**TASK REQUIREMENTS**
Work out how many lines in the entries below include the word "illustration". Give nothing but the number.

**THE INPUT**
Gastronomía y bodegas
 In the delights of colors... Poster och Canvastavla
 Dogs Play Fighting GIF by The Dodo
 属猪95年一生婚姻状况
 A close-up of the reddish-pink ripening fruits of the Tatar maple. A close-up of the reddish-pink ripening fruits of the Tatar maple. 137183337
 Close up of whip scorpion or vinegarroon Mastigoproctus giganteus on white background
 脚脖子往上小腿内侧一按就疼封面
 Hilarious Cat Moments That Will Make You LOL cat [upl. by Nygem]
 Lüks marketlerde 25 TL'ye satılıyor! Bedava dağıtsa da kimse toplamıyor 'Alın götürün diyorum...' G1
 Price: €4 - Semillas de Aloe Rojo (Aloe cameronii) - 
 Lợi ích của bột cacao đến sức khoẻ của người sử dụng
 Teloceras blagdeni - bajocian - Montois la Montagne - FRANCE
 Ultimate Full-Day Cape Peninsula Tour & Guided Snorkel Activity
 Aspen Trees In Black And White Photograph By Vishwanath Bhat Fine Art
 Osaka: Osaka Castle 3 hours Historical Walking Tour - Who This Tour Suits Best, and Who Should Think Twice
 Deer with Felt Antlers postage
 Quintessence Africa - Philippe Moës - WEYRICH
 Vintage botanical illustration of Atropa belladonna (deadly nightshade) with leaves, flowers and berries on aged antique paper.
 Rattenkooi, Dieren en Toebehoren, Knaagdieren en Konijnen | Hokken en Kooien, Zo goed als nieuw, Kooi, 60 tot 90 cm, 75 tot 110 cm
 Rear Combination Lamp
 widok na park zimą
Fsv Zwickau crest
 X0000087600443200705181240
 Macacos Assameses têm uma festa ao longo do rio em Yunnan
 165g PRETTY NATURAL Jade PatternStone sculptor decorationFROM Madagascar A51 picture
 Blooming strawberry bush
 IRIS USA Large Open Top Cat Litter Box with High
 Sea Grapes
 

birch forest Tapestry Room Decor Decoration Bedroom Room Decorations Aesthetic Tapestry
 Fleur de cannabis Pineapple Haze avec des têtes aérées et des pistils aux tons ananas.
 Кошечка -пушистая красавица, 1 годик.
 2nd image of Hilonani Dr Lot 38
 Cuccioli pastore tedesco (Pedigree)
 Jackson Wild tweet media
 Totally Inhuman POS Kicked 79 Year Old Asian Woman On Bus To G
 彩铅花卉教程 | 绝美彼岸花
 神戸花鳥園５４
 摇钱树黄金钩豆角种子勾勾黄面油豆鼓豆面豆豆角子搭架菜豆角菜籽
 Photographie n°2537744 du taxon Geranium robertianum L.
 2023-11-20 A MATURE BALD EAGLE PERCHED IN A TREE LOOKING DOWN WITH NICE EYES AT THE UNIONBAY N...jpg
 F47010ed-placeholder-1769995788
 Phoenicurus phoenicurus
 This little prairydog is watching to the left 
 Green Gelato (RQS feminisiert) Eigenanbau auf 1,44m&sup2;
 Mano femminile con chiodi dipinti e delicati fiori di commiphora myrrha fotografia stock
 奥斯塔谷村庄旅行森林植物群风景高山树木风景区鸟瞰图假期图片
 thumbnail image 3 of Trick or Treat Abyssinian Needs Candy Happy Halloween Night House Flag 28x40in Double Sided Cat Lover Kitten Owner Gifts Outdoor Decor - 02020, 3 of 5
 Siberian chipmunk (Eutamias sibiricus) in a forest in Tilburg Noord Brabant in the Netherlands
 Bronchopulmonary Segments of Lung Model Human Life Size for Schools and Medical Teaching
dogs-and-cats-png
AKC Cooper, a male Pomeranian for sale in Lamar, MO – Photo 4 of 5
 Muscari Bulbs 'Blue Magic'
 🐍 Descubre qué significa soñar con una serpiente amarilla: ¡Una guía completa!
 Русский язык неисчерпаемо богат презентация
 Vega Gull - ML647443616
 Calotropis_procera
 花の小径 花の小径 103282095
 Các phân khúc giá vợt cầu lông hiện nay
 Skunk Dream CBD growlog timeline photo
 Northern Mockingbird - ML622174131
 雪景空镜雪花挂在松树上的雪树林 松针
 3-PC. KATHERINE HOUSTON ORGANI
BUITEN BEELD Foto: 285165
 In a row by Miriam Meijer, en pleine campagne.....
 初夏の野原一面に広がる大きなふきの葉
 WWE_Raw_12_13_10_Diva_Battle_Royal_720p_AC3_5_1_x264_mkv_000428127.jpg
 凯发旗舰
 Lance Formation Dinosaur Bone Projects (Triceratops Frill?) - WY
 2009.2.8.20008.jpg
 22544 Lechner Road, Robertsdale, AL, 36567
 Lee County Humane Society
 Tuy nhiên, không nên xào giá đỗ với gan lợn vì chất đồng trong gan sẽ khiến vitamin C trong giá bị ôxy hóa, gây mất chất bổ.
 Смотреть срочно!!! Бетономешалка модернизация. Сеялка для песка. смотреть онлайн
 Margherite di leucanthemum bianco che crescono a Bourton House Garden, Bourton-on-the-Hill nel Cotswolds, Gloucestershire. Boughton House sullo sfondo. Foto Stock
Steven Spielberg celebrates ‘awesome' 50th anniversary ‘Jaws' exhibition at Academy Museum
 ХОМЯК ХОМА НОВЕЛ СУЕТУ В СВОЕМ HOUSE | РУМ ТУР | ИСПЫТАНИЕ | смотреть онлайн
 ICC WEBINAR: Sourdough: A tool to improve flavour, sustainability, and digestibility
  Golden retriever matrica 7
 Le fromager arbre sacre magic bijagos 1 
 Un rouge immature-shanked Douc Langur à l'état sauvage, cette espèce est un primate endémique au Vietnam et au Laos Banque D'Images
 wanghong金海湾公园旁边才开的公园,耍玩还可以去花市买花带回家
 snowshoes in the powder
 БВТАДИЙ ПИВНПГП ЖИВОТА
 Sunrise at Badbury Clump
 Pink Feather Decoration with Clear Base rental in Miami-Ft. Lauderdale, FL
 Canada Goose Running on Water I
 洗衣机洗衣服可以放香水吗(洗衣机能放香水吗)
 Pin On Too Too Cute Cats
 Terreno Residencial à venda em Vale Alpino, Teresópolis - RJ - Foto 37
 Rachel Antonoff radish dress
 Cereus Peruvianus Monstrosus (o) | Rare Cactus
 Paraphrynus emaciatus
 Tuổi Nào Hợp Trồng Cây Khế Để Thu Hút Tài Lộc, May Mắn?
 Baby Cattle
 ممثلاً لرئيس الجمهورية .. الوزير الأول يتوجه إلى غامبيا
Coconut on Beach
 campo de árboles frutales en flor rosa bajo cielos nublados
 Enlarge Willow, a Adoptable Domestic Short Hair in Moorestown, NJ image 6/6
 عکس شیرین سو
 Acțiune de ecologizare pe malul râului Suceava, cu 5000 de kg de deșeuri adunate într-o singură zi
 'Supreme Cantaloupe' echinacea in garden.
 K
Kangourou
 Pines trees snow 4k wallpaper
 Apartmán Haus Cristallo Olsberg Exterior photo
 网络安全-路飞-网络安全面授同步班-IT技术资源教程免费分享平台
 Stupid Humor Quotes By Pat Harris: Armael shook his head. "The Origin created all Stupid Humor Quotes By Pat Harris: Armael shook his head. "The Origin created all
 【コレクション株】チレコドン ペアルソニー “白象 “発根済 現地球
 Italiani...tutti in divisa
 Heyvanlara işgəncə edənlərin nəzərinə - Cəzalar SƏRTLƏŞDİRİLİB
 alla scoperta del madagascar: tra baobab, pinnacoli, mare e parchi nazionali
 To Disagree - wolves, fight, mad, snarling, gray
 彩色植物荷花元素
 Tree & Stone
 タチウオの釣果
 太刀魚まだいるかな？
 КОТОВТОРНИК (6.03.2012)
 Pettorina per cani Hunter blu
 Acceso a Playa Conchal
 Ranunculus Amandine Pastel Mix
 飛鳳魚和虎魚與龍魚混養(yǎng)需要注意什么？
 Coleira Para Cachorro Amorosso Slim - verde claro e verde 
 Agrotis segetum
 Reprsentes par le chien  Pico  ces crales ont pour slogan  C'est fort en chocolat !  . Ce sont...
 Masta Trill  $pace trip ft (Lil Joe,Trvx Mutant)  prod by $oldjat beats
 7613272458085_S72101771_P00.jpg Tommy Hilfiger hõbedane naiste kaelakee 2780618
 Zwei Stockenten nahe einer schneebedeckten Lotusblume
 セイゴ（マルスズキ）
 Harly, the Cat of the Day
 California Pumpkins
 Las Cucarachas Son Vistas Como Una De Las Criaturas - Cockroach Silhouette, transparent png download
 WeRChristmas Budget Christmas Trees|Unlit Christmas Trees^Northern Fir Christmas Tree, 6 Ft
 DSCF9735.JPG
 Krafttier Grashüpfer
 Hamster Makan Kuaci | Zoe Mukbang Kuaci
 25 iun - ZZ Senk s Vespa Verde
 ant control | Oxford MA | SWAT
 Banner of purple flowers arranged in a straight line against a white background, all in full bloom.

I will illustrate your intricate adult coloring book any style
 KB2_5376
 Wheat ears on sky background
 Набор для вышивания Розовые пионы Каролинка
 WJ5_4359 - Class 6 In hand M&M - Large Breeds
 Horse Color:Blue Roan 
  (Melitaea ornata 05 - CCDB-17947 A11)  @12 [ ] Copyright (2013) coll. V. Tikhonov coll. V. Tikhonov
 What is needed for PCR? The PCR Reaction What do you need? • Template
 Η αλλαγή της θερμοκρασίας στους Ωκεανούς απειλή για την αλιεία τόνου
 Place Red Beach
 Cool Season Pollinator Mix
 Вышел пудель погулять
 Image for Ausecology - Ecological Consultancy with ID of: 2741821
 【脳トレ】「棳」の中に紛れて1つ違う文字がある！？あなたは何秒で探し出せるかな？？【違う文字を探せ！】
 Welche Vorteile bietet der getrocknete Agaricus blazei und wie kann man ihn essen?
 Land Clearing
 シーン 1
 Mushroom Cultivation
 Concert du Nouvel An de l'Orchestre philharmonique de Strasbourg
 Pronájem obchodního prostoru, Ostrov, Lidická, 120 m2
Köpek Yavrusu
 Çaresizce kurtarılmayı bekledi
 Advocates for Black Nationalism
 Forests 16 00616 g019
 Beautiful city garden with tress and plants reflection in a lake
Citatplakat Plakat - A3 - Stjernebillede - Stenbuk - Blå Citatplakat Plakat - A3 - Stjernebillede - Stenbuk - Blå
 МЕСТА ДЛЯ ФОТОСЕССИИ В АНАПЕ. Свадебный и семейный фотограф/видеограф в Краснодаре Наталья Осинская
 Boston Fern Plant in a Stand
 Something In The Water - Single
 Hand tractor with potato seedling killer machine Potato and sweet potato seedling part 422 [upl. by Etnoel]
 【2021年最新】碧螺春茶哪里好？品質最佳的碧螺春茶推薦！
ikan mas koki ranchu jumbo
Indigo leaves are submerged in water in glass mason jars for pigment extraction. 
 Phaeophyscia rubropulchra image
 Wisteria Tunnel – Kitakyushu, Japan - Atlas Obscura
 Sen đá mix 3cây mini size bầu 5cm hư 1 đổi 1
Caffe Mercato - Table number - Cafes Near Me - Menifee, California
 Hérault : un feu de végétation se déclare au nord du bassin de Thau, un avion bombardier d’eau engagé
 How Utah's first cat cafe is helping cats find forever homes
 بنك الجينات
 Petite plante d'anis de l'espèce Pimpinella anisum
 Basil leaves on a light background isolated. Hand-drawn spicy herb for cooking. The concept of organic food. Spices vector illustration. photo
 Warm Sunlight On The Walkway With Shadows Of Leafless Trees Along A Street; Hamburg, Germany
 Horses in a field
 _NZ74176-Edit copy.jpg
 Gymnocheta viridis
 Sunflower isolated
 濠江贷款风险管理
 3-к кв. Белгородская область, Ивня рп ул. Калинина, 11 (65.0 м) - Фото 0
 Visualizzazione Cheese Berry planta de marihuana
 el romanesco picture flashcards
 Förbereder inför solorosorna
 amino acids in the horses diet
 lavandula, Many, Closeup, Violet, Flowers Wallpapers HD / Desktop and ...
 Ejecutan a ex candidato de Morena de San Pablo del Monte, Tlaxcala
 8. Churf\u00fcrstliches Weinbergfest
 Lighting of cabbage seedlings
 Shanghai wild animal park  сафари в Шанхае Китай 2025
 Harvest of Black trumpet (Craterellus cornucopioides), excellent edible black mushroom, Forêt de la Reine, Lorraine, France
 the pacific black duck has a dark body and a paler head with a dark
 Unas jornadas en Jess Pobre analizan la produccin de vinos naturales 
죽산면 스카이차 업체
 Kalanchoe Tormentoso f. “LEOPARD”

**FINAL ANSWER**
2